*Prompt*.
What lines in the records below hold the string "Sedan"? Please show them.

*Data under study*.
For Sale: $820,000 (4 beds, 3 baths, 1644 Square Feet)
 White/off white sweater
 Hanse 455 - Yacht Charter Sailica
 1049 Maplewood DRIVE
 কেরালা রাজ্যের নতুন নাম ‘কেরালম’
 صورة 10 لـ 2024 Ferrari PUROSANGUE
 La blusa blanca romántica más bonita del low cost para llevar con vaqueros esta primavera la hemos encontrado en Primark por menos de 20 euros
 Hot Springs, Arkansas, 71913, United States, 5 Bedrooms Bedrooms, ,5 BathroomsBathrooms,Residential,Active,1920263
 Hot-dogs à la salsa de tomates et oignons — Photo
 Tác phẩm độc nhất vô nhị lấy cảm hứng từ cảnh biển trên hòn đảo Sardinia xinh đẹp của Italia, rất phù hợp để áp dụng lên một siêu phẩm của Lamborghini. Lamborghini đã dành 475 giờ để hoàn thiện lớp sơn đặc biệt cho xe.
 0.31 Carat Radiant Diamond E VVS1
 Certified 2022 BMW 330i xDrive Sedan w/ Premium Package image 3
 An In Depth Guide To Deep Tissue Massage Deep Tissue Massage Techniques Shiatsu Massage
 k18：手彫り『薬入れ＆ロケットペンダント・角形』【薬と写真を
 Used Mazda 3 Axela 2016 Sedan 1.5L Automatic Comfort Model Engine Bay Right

*Answer section*.
 Certified 2022 BMW 330i xDrive Sedan w/ Premium Package image 3
 Used Mazda 3 Axela 2016 Sedan 1.5L Automatic Comfort Model Engine Bay Right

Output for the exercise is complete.